[The task]: Scan the material below for lines with the word "hanging". Reply with the count and no other words.

★ ★ ★ ★

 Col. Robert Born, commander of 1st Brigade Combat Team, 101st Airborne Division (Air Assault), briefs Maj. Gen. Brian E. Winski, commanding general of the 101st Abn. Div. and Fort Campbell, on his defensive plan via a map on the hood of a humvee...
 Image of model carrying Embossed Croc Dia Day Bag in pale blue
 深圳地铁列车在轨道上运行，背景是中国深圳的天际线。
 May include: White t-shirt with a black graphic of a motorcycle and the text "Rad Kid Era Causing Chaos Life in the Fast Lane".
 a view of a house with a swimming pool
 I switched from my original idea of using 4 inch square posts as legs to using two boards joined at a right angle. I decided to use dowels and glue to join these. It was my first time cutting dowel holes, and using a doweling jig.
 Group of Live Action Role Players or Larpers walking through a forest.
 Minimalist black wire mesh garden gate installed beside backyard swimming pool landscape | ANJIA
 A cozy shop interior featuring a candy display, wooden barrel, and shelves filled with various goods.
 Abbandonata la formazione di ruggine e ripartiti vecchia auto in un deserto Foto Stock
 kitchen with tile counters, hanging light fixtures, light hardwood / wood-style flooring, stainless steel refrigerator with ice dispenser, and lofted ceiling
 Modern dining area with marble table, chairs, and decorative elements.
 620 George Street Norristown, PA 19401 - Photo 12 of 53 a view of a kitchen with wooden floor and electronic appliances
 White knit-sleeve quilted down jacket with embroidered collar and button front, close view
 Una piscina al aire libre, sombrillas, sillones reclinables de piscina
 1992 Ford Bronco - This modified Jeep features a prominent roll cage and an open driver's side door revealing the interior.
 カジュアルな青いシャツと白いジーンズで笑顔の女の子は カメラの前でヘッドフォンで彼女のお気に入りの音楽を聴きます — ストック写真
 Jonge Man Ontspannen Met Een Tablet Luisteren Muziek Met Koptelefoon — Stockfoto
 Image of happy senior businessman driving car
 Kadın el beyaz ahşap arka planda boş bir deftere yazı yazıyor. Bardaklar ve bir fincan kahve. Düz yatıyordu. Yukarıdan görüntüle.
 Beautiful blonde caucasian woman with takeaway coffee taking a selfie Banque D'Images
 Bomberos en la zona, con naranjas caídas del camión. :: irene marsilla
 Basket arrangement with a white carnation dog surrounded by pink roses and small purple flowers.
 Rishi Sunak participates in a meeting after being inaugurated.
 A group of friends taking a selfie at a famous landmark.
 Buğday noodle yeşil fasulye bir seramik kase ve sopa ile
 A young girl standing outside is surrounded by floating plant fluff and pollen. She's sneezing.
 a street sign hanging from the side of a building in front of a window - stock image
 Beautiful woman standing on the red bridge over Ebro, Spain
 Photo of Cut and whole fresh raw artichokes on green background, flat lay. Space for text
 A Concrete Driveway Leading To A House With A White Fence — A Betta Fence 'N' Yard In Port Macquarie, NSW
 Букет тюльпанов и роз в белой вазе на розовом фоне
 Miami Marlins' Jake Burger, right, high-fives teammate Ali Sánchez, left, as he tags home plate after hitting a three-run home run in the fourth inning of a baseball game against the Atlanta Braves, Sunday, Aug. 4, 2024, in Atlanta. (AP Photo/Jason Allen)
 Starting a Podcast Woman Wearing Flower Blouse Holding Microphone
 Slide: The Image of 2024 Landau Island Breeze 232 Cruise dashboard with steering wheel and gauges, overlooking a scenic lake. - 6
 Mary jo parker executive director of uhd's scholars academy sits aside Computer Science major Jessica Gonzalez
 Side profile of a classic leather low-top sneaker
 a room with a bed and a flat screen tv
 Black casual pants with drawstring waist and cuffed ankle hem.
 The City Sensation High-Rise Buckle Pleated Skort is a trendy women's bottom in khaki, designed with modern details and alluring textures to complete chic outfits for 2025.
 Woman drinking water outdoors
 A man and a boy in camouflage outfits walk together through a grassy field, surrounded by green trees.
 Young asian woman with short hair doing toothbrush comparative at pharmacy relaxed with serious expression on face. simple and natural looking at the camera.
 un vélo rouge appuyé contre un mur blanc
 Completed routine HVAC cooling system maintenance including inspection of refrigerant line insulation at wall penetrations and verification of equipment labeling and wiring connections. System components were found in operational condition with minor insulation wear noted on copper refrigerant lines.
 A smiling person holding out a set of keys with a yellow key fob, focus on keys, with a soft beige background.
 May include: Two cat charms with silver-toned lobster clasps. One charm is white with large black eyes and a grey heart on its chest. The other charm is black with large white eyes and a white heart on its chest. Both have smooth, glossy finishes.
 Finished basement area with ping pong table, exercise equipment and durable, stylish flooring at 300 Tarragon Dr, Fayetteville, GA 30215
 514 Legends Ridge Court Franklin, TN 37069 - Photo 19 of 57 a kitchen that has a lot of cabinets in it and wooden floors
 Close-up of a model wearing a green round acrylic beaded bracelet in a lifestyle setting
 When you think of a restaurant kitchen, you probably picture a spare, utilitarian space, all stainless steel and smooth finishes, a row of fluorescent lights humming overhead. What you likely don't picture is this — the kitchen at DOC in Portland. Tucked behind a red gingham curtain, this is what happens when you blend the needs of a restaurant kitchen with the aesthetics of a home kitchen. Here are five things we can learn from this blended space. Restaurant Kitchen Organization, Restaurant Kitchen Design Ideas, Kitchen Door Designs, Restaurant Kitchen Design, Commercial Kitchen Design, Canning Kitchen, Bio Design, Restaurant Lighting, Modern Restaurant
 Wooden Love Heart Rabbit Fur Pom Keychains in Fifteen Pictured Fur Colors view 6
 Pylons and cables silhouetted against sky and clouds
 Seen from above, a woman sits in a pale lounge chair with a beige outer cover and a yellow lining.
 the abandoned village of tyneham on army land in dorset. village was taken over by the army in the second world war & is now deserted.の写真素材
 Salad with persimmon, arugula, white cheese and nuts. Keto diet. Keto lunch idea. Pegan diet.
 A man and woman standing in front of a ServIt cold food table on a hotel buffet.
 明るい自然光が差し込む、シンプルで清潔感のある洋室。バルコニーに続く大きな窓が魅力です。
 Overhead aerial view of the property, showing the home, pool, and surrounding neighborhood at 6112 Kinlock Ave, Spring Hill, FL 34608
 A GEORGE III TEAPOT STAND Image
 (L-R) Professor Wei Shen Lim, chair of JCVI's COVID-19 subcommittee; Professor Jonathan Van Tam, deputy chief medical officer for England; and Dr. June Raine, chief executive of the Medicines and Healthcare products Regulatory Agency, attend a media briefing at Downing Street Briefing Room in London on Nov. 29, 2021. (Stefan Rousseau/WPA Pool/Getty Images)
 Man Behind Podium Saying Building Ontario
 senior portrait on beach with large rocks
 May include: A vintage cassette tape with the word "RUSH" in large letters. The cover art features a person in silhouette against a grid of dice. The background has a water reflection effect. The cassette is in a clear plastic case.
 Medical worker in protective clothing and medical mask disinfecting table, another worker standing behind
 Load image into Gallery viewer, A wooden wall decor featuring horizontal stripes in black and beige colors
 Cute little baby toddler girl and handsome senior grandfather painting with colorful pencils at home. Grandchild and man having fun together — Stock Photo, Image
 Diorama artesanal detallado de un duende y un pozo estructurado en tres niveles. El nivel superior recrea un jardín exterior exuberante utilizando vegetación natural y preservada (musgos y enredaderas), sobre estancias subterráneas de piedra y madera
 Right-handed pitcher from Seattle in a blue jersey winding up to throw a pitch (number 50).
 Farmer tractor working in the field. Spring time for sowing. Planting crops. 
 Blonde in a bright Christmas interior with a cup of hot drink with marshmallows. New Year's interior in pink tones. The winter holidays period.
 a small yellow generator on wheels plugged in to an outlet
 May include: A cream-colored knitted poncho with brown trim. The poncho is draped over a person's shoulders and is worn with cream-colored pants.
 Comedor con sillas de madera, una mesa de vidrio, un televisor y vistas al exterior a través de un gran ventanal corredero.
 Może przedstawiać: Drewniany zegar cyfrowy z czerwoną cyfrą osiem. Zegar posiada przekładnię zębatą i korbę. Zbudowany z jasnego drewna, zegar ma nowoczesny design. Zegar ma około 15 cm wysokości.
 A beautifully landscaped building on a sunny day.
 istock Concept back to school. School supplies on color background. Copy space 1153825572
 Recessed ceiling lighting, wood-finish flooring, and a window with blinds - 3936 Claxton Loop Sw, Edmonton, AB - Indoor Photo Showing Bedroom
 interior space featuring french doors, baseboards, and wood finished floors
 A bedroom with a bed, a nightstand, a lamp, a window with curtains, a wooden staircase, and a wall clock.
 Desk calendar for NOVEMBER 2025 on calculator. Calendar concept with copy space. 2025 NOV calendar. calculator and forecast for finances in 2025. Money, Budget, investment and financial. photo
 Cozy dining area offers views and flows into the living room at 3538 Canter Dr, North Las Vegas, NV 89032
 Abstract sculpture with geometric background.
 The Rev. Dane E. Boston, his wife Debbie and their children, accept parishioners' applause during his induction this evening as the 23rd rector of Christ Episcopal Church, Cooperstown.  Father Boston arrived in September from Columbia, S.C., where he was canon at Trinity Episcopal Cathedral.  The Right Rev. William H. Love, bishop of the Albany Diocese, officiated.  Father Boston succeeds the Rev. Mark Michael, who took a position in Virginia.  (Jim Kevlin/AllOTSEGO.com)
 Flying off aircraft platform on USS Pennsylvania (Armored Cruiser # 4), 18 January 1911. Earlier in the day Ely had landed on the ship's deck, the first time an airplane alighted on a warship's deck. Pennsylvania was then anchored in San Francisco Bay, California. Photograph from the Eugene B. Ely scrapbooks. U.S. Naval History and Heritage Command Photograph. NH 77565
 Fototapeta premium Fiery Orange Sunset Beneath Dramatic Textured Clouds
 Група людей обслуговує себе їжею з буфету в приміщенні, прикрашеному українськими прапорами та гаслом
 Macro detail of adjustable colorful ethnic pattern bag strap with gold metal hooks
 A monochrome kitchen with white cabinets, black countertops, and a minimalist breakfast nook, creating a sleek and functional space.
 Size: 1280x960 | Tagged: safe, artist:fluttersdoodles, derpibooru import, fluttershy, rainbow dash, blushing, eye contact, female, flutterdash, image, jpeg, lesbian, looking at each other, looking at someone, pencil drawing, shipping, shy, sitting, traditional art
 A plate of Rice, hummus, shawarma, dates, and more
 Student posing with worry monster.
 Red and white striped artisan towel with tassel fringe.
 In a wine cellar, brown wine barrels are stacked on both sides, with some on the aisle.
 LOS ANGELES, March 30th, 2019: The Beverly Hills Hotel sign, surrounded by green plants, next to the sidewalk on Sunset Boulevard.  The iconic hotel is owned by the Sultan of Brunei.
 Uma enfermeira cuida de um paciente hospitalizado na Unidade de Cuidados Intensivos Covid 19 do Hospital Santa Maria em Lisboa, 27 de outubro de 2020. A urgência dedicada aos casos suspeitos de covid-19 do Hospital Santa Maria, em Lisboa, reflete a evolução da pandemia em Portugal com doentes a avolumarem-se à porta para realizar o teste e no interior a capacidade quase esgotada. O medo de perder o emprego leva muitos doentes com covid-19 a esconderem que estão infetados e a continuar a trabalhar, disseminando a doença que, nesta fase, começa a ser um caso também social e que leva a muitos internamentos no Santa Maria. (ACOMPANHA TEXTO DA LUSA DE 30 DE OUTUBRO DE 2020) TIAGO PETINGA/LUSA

★ ★ ★ ★

[Solved exercise]: 2